Additionally, the country is already facing very high growth in other sources, going back almost ten years: thermal generation increased by 272% in the interannual data for July, while energy imports from the Regional Electricity Market (MER) increased 666%.
Altogether, the 612,762 MWh of thermal energy and imports as of July 2023 represent more than 400% growth compared to the 125,344 MWh in July 2022.
This increases the generation from these non-renewable sources from 1.7% of the total in the country to 8%, which has effects on rates: every time fuel is used to generate, the variable cost of generation (CVG) model, which also considers the cost of energy imports.
However, the situation is complicated given that the other countries in the region also face a complicated situation due to the lack of rain, which seriously limits the possibilities of resorting to the MER as insurance in case of shortage: the Electricity Transmission Company (ETESA) of Panama announced in June that they suspended energy exports, while in Honduras the National Electric Energy Company (ENEE) reported that the measures announced this year will not be enough to avoid electricity rationing, and in Guatemala, the Electricity Corporation Central America (CEC) warned that the energy crisis will not be solved in the short term, and that if energy demand increases, there will be no capacity to meet it.

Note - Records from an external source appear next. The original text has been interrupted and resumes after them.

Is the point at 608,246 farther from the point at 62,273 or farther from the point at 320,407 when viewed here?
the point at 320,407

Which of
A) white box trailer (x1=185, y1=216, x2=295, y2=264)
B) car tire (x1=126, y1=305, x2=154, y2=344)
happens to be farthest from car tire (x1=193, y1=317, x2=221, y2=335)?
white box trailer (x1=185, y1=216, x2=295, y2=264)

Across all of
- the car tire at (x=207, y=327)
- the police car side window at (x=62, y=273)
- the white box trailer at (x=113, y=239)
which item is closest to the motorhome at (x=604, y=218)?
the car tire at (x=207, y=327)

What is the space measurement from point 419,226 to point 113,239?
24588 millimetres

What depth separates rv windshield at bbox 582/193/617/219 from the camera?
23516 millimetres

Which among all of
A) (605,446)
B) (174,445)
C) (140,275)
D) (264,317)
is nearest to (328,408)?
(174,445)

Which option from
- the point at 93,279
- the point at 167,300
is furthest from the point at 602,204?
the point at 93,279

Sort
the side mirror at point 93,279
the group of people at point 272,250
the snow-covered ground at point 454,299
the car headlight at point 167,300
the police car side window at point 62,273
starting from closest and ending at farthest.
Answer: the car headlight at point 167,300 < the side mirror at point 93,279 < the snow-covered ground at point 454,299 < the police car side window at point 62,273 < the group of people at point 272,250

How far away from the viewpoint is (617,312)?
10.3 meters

But the outlook in this regard is cloudy, with no rain forecast: the estimates of the MER Operating Entity were that, contrary to the previous year, in 2023, energy demand will grow by 4.8% in the region, and by 4.5% by 2024. And in this context, the impact of the rains, common to the Central American area, also knocks on the doors of the MER, which in 2022 saw injections to this energy market grow by 3.2%, but in what is recorded in 2023 it reports a reduction of 32%.
In the case of Costa Rica, the generation expansion plan that ICE published in March 2023 estimated an increase in demand in this area of 1.9% in 2023, which would increase to 2.2% in 2024.
ICE authorities were consulted about the projections and approach to this panorama, particularly with the behavior of the dry season and the situation of the Arenal reservoir, but at the time of going to press they had not sent the responses.
In that sense, we wanted to contextualize the strategy in the face of these phenomena, given that, in the demand expansion plan, which makes projections until 2040, it only mentions the word drought to refer to the situation in 1994, when it generated a use of thermal resources of 17% of total generation.
The current panorama is far from that situation; However, the use of 329,587 MWh of thermal generation reported by the DOCSE in the July report already represents the highest figure in the last decade in this area, and when there are still five months left in 2023.
However, there are already maneuvers by ICE authorities before the regulatory authority, the Autoridad Reguladora de Servicios Públicos (Aresep), to request adjustments in the model: for now, the request to vary the CVG from a quarterly calculation to an annual one has transcended, in the search of alternatives to try to distribute the coming increase over a period of several months, to avoid a focused impact in a short period.